Cryo-electron microscopy and x-ray scattering of chlorosomes from green sulfur bacteria: evidence for lamellar organization of bacteriochlorophyll aggregates. Jakub Psencik*,1, Teemu Ikonen2, Pasi Laurinmäki3, Michael Merckel4, Sarah Butcher3, Ritva Serimaa2, Roman Tuma3, 1 Department of Chemical Physics and Optics, Prague 2, Czech Republic2 Division of X-ray Physics, Helsinki, Finland3 Institute of Biotechnology & Department of Biosciences, Helsinki, Finland4 Helsinki Bioenergetics Group, Helsinki, Finland

ABSTRACT- Chlorosomes of green photosynthetic bacteria constitute the most efficient light harvesting complexes found in nature.
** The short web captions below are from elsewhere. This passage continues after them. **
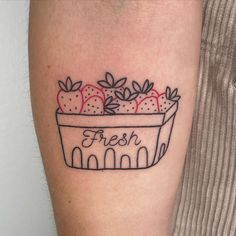 a tattoo with strawberries in a flower pot on the arm that says fresh and is black ink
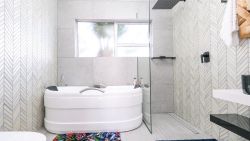 Bedroom 5 ensuite bathroom with bath and shower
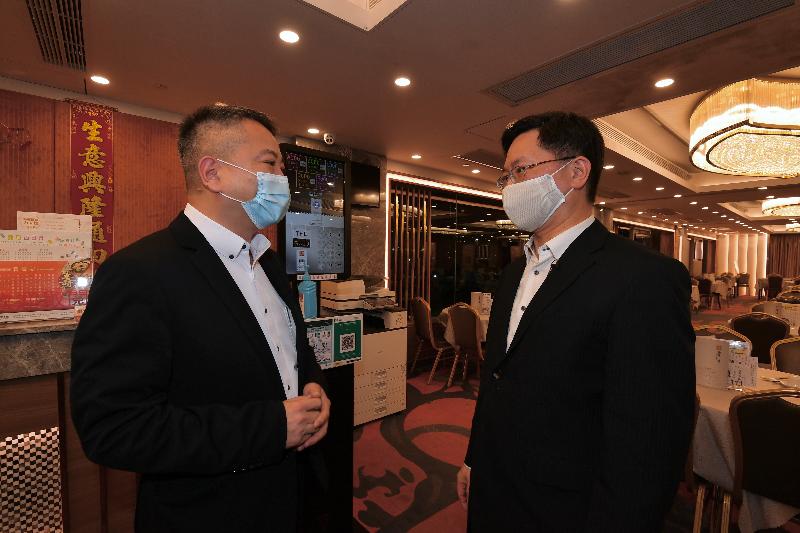The Secretary for Innovation and Technology, Mr Alfred Sit (right), visited a Chinese restaurant in Kowloon City today (November 18) to learn more about the implementation of the "LeaveHomeSafe" mobile app.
In addition, the chlorosome is the only known photosynthetic system where the majority of pigments (bacteriochlorophyll, BChl) is not organized in pigment-protein complexes but instead is assembled into aggregates. Because of the unusual organization, the chlorosome structure has not been resolved and only models, in which BChl pigments were organized into large rods, were proposed on the basis of freeze fracture electron microscopy and spectroscopic constraints. We have obtained the first high-resolution images of chlorosomes from the green sulfur bacterium Chlorobium tepidum by cryo-electron microscopy (EM). EM images revealed dense striations ∼2 nm apart. X-ray scattering from chlorosomes exhibited a feature with the same ∼2 nm spacing. No evidence for the rod models was obtained. The observed spacing and tilt-series EM projections are compatible with a lamellar model, in which BChl molecules aggregate into semi-crystalline lateral arrays. The diffraction data further indicate that arrays are built from BChl dimers. The arrays form undulating lamellae, which, in turn, are held together by interdigitated esterifying alcohol tails, carotenoids and lipids. The lamellar model is consistent with earlier spectroscopic data and provides insight into chlorosome self-assembly.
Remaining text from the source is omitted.